### What you have to do
Use the entries below and reproduce exactly the lines from the one containing "Invitation Rose Parties" down to the one containing "Arched Display In", both of them included.

Records provided section start

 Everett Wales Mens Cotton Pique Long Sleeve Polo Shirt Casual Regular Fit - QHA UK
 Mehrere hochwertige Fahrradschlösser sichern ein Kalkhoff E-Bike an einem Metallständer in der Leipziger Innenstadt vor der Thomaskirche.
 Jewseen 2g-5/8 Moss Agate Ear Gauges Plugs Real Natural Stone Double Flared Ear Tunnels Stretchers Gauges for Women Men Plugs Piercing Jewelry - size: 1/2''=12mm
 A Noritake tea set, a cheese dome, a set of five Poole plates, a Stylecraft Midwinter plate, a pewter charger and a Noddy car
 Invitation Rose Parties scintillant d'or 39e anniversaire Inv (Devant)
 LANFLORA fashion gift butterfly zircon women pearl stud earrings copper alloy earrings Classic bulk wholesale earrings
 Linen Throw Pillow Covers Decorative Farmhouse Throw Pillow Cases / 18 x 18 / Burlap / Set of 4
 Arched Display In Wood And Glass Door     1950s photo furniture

Records provided section end
Records provided section start

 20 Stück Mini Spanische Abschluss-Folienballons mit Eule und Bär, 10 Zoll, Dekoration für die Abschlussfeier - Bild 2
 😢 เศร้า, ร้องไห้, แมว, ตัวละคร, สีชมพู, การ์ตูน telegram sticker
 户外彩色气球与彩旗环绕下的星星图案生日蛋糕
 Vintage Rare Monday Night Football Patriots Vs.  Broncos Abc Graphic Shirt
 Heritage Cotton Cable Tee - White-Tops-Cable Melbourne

Records provided section end
Records provided section start

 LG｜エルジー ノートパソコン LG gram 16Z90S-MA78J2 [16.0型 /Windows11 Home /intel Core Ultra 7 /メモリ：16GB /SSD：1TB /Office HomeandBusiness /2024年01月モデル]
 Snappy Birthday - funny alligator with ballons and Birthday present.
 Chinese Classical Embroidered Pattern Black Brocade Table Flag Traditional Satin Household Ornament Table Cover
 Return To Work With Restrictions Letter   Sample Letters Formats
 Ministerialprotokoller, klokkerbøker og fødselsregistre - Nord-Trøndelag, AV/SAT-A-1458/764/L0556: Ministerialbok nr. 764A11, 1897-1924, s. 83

Records provided section end

### Solved exercise
 Invitation Rose Parties scintillant d'or 39e anniversaire Inv (Devant)
 LANFLORA fashion gift butterfly zircon women pearl stud earrings copper alloy earrings Classic bulk wholesale earrings
 Linen Throw Pillow Covers Decorative Farmhouse Throw Pillow Cases / 18 x 18 / Burlap / Set of 4
 Arched Display In Wood And Glass Door     1950s photo furniture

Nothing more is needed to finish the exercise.